Commenting on today’s data from the Office for National Statistics that showed the annual rate of CPI inflation holding at 3.0% in February 2026, Anna Leach, Chief Economist at the Institute of Directors, said:

“The outlook for inflation has changed markedly. The hit to global energy supply so far from events in the Middle East has been profound and the warnings from the International Energy Agency over its “unprecedented” nature are stark. But the starting point for inflation still matters here. At the outset of the Ukraine war, inflation was already almost 6% and projected to rise above 7%. Inflation is half that level now. Economic conditions are weaker too. Back then, unemployment was below 4% and private sector wage growth elevated at around 5%: they’re now 5.2% and 3.3% respectively. With a considerably weaker demand environment, the need for the Bank of England to lean against second round effects should be lesser.

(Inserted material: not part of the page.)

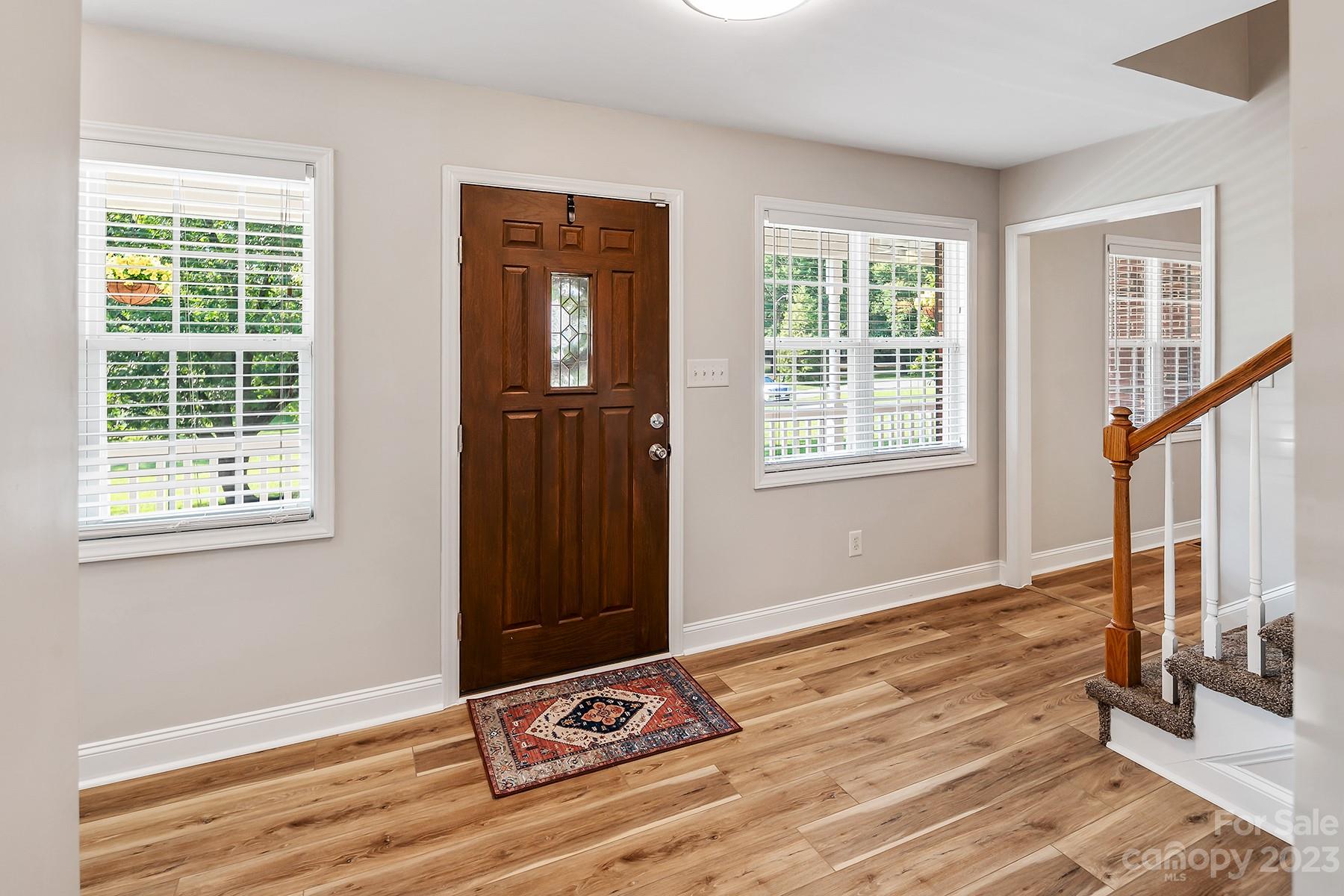 211 Todd Circle Wingate, NC 28174 - Photo 22 of 45 a view of an empty room with wooden floor and a window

“Ahead of this conflict, public sector borrowing was heading down and there’d been a welcome increase in headroom against the fiscal rules. But this shock – through its impact on inflation and government borrowing costs – could take a chunk out of that headroom. The government is right to have intervened swiftly to support households exposed to a sharp escalation in heating oil costs. And is likewise right to tread carefully in considering further economic support, that would need to be funded through either spending cuts elsewhere, or higher taxes. With the OBR already having issued a warning about UK marginal tax rates and the pace of increase in the tax burden, future support packages will need to be carefully targeted to minimise broader economic pressures.”

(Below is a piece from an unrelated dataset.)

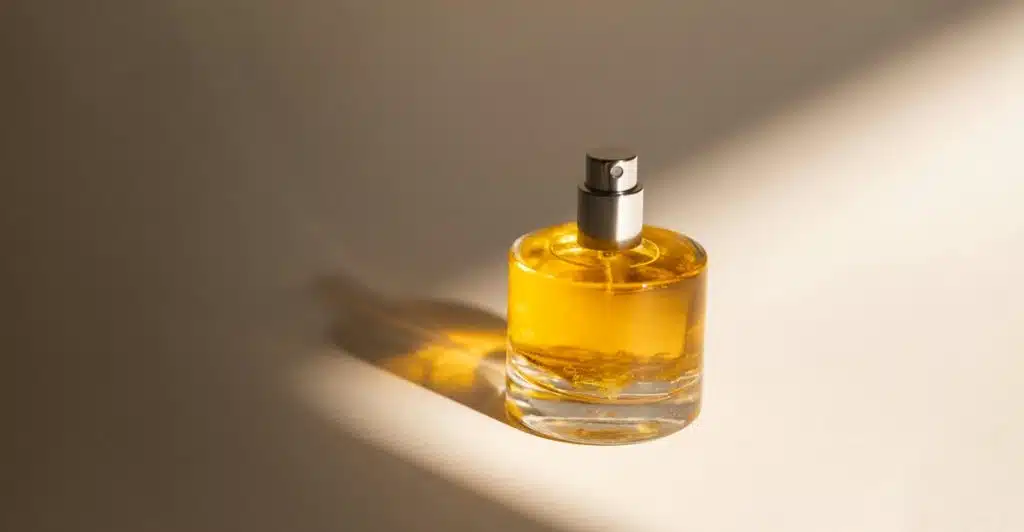 A Le Labo Santal 33 fragrance bottle on a surface with a shadow cast across it.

“The spike in energy prices resulting from the conflict in the Middle East is set to worsen cost pressures for UK businesses, which already face the highest industrial energy costs in the G7. While the upcoming British Industrial Competitiveness Scheme will help to reduce energy costs for some manufacturers, it will do nothing to bring down energy prices for the vast majority of UK businesses. More ambition is needed from the government to address the structural reasons why UK industrial energy costs are so high; its current approach of waiting for gas to be displaced such that it no longer drives electricity prices will not help businesses to weather this storm.”